According to reports, the accumulated value of buy-outs is estimated at between €20bn and €30bn. In an article published by the Dutch prudential supervisor DNB, €7bn of pension buy-outs were executed in the Netherlands between Q2 2023 and Q3 2025, bringing the aggregate value of insurers’ pension schemes to €230bn, or 15% of total pension provisions in the nation.
That has offered rich pickings to reinsurers who have increased their presence in the Dutch market. However, breaking into this sector requires scale.

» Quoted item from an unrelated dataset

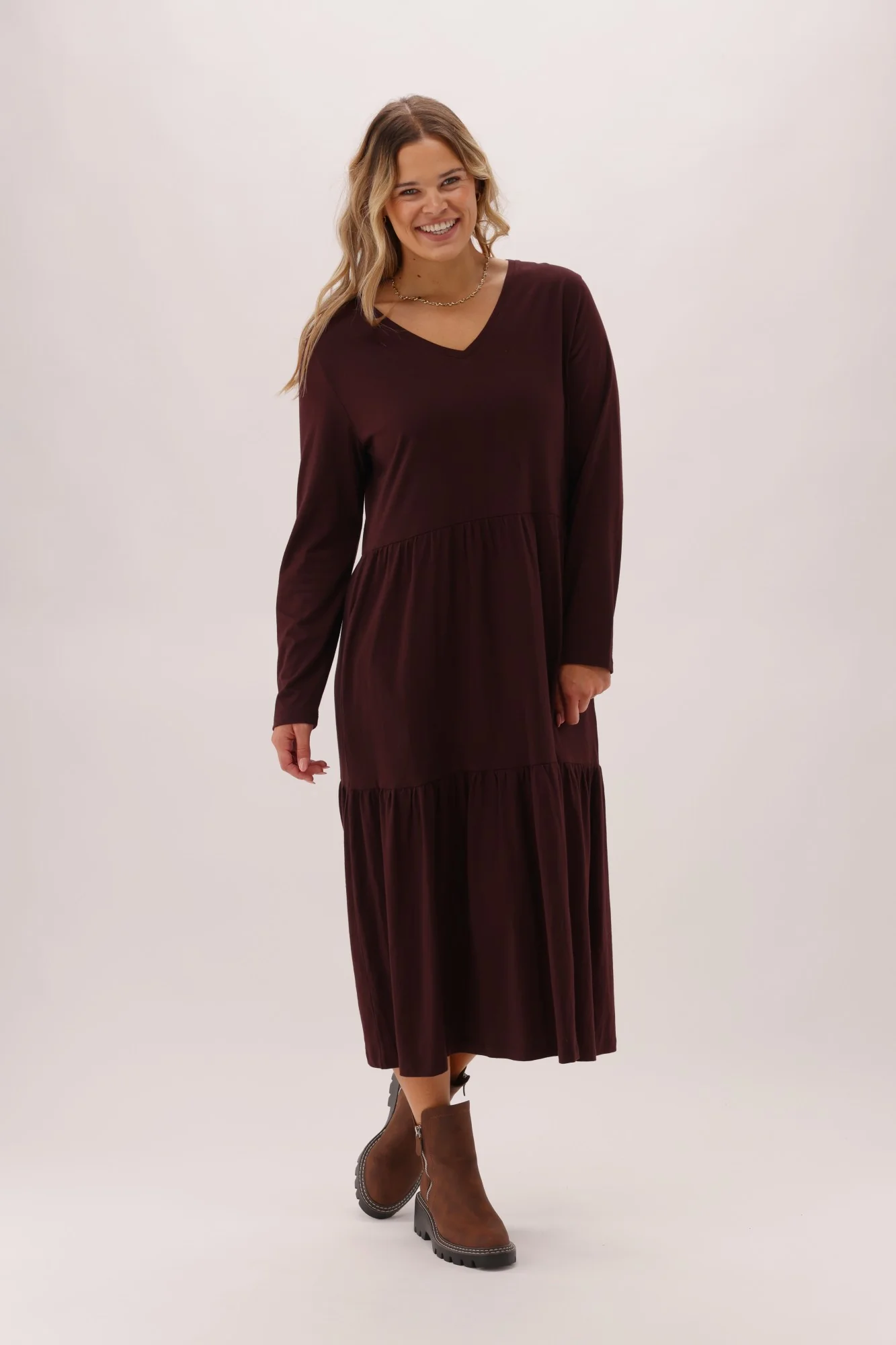 Shine On Essentials Long Sleeve Tiered Dress Chocolate - Image 6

“If you’re a reinsurer wanting to write this risk, it involves quite an investment in time and therefore cost to figure out how you underwrite it, you want a big enough pipeline to make it worthwhile,” said Martin Bird, Senior Partner at Aon in the UK.
LRT transactions are attractive to insurers, too, because they are capital efficient. Under Solvency II (SII), insurers must maintain a level of capital buffers against the risks they hold. The more risk they can offload in LRT deals, the more capital it frees for them to transact more business.

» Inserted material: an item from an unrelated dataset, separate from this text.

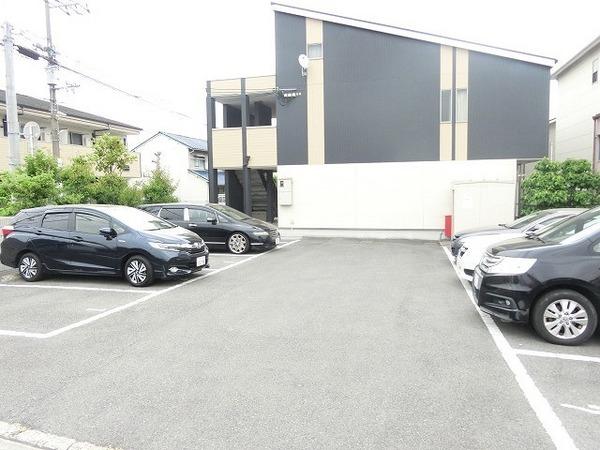 フィオーレ東上野芝　駐車場　敷地内駐車場！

“Basically, it just shrinks your capital obligation. And if you’ve got to write new buy-out business, you’ve got to have capital available,” Bird said.
“Insurers are generally freeing up capital and they’re doing it because they’re looking at what’s going on in the pensions market and seeing a growing impetus or demand for PRT solutions. They’re freeing up capital in anticipation of that business, which they expect to come down the track over the next few years.”

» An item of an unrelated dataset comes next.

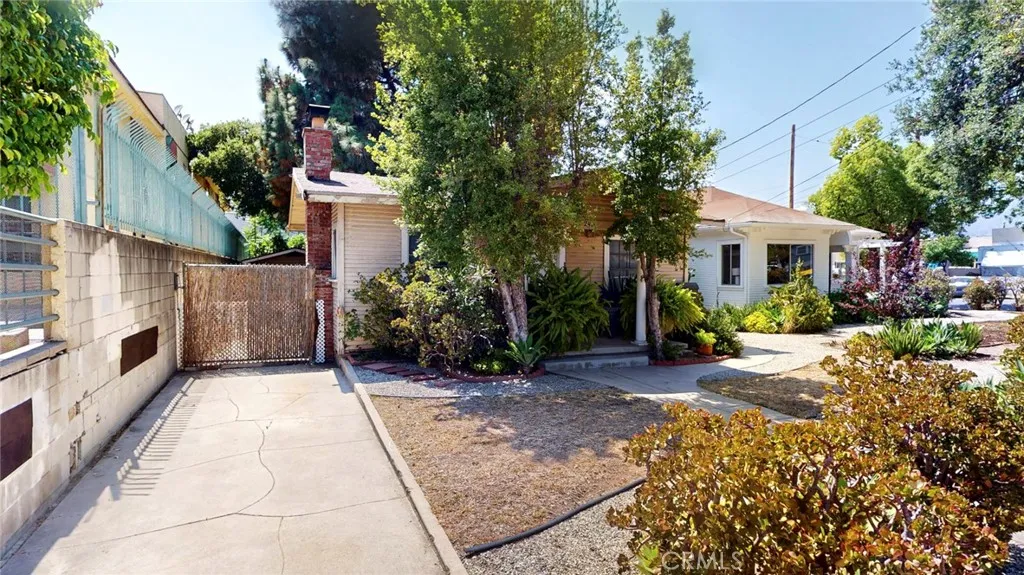 241 N Verdugo Road, Glendale, California 91206 home-pic-2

The outlook for LRT deals is strong as the PRT market that has fuelled its growth in recent years expands.
For a start, LRT pricing has become more attractive as more deals have been struck, creating a virtuous circle that has enabled insurers to offer better pricing for PRT transactions. That, in turn, has increased the likelihood of more schemes moving to buy-out.
Further, reinsurers’ experience in the much larger UK PRT and LRT markets has also given them the expertise to broaden their coverage. Until recently, LRT deals were confined to in-payment scheme members. Now, reinsurers are able to price for deferred members.
“The reinsurance market has got a lot more comfortable with this,” said Bird.
“The market has figured out how to do all of that and therefore is pricing it much more efficiently.”
While the Dutch LRT market is expected to continue flourishing as PRT transactions accelerate up to the WTP cut-off date, deals are likely to continue beyond that.
WTP allows for DB schemes to continue in their present format so long as they don’t take on new members. This gives them more time to consider their end-game options, but it also means their assets and liabilities can only get smaller as members die.
“At some stage, these funds need to decide on their long-term future – before they become too small to continue independently,” said de Vries.
“As a result, we expect pension buy-outs in the Netherlands to continue beyond the WTP cut-off date.”
Bird is also confident that the Dutch LRT market will offer an attractive diversification opportunity for global reinsurers that have capitalised on market growth overseas.
“The global reinsurance market is super keen on Dutch risk – they want to write longevity risk,” he said.
“They have plenty of UK risk already on the balance sheet. They do want more UK risk, but the Dutch risk is good because it’s different to the UKs. It’s a diversifier.”